> [PROMPT]: With the pictures left out, print exactly the lines below that run from the one containing "2 Pcs Mixing" through the one containing "Beliani Banco Boho".

____ DATA EXCERPTS

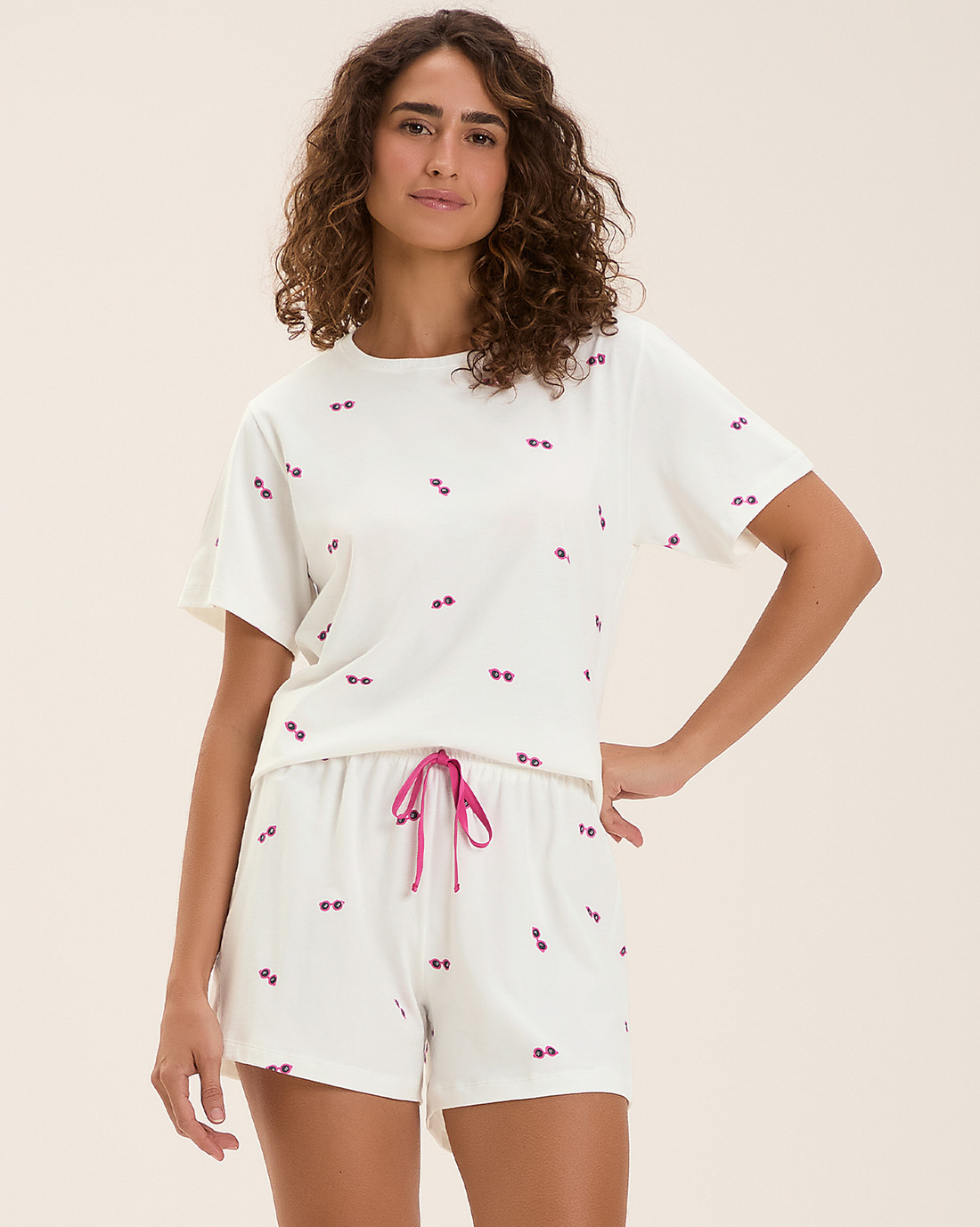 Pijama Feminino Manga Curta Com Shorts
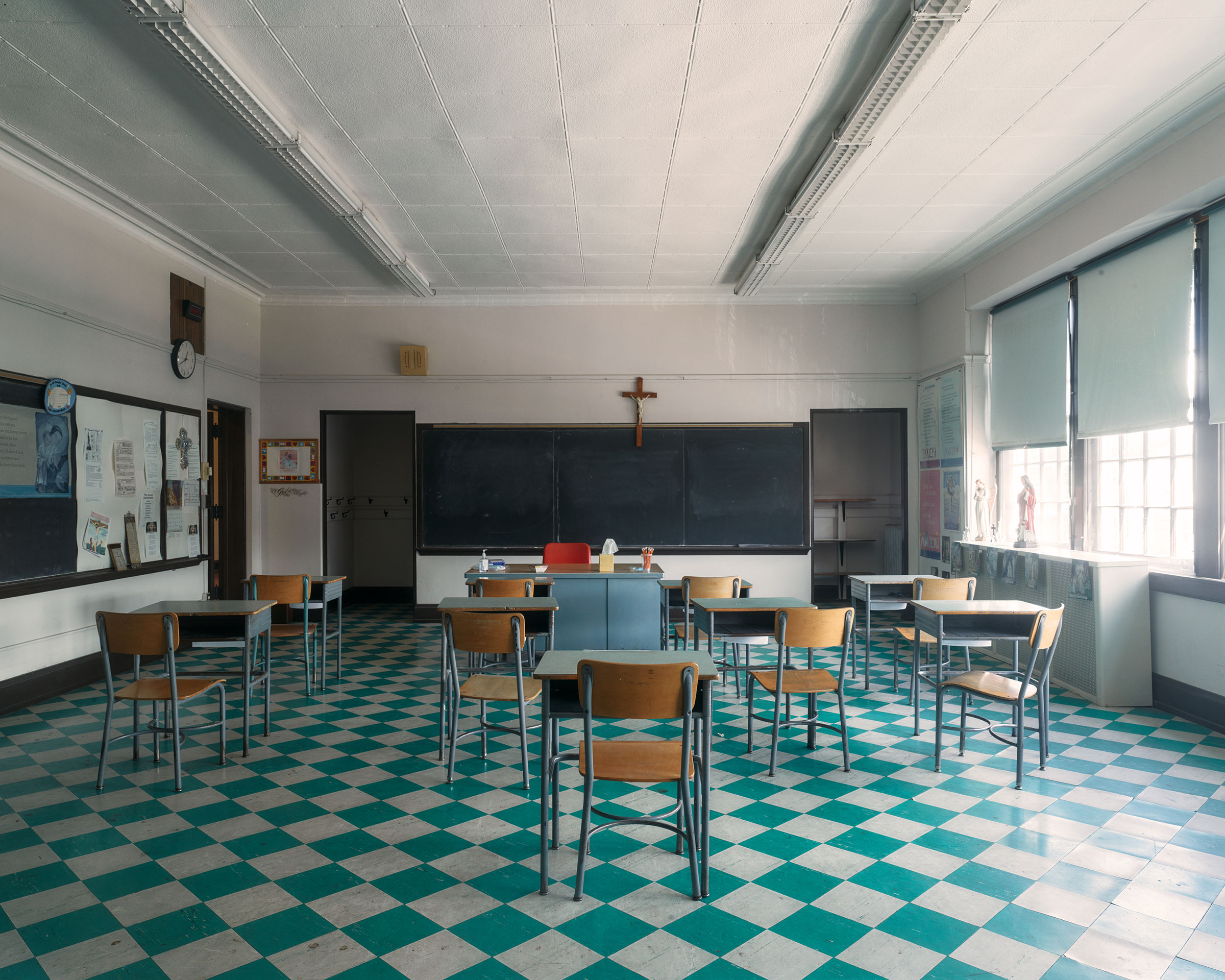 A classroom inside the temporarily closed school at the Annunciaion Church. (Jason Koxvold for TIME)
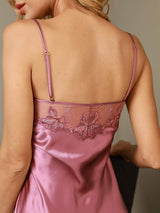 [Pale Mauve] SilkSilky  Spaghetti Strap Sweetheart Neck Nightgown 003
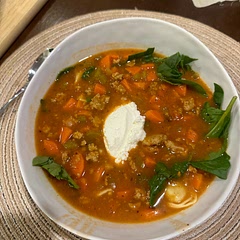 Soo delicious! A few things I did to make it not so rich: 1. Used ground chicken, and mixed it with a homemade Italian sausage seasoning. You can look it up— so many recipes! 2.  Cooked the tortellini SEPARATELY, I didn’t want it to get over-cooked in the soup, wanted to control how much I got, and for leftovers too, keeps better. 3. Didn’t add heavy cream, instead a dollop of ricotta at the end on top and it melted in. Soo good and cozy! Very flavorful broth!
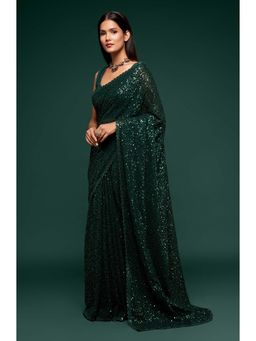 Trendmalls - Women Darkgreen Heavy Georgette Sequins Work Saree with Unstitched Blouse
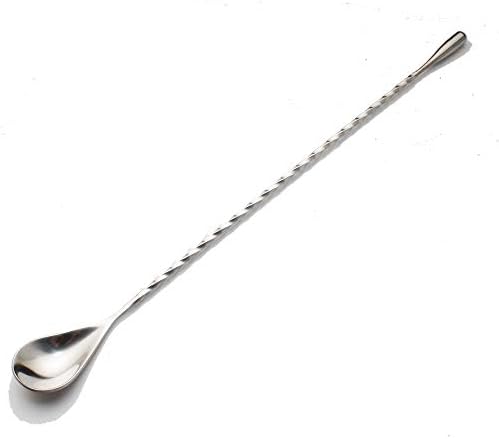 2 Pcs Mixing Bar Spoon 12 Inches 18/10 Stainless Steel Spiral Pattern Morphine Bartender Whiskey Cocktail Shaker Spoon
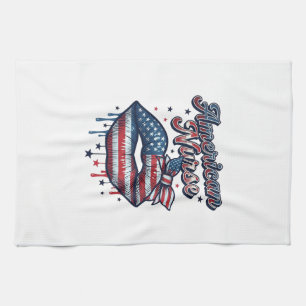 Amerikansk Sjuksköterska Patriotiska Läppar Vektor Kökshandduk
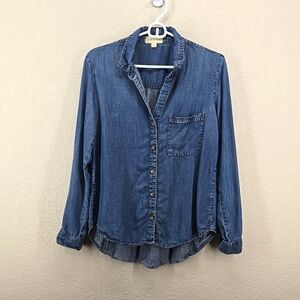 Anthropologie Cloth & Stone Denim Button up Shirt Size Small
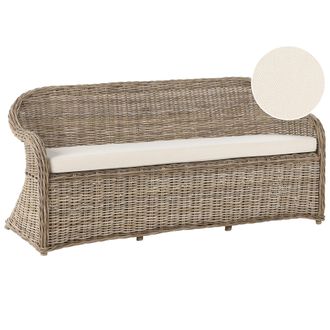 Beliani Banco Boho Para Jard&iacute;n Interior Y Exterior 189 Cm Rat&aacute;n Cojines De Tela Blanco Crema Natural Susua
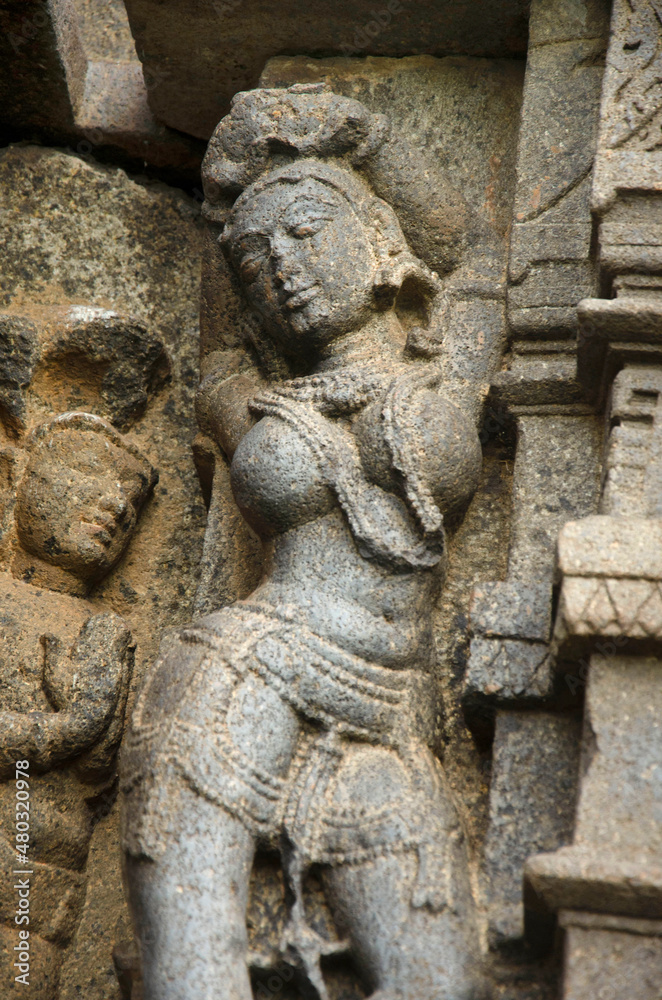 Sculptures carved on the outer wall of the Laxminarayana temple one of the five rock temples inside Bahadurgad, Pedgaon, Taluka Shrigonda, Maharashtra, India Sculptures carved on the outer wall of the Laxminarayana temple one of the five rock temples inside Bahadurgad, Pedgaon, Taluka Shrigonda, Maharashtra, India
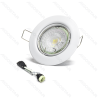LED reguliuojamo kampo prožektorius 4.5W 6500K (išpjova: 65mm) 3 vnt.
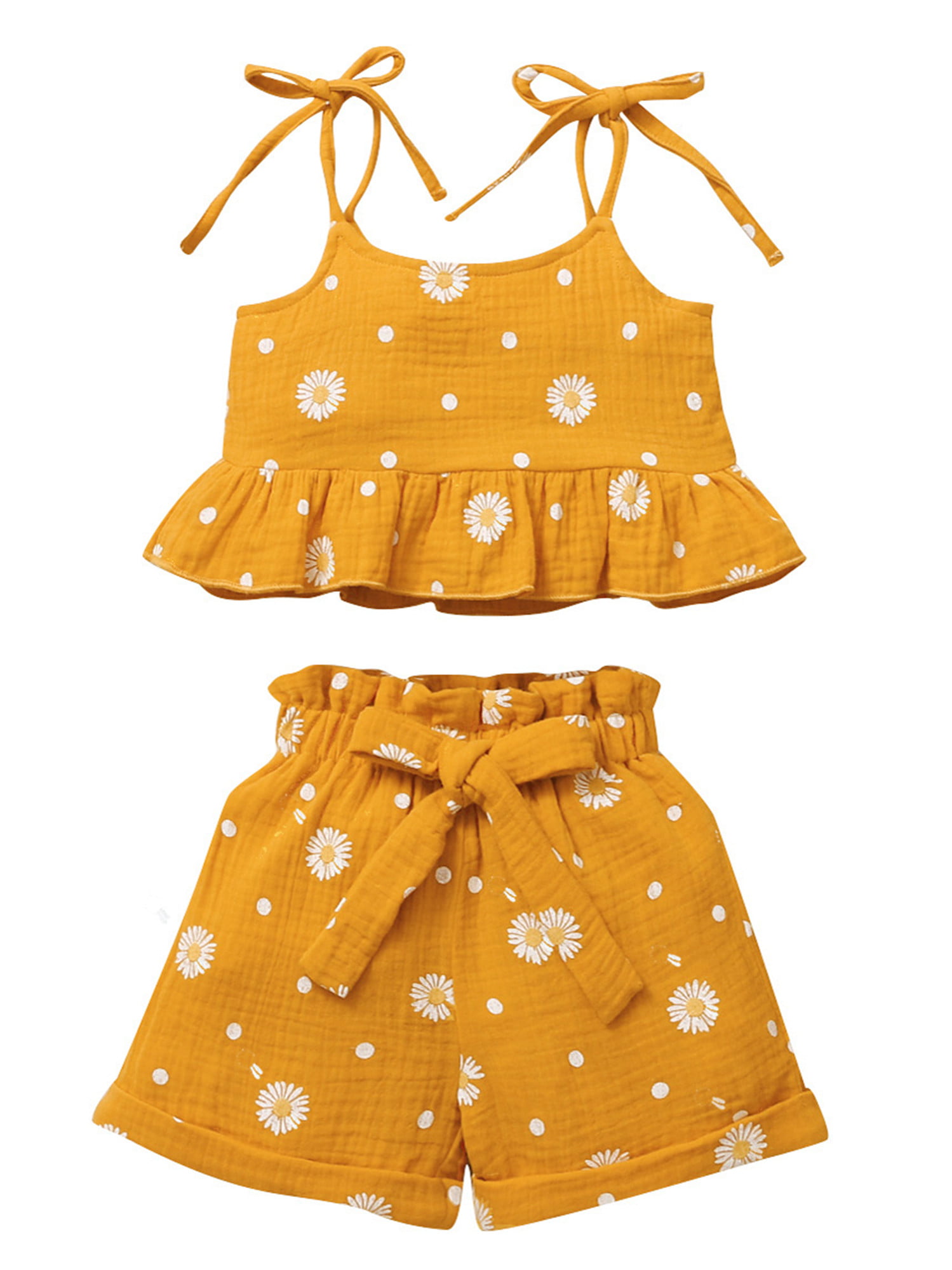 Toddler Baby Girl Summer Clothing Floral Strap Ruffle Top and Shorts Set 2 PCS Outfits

________

> [OUTPUT BELOW]:
 2 Pcs Mixing Bar Spoon 12 Inches 18/10 Stainless Steel Spiral Pattern Morphine Bartender Whiskey Cocktail Shaker Spoon
 Amerikansk Sjuksköterska Patriotiska Läppar Vektor Kökshandduk
 Anthropologie Cloth & Stone Denim Button up Shirt Size Small
 Beliani Banco Boho Para Jard&iacute;n Interior Y Exterior 189 Cm Rat&aacute;n Cojines De Tela Blanco Crema Natural Susua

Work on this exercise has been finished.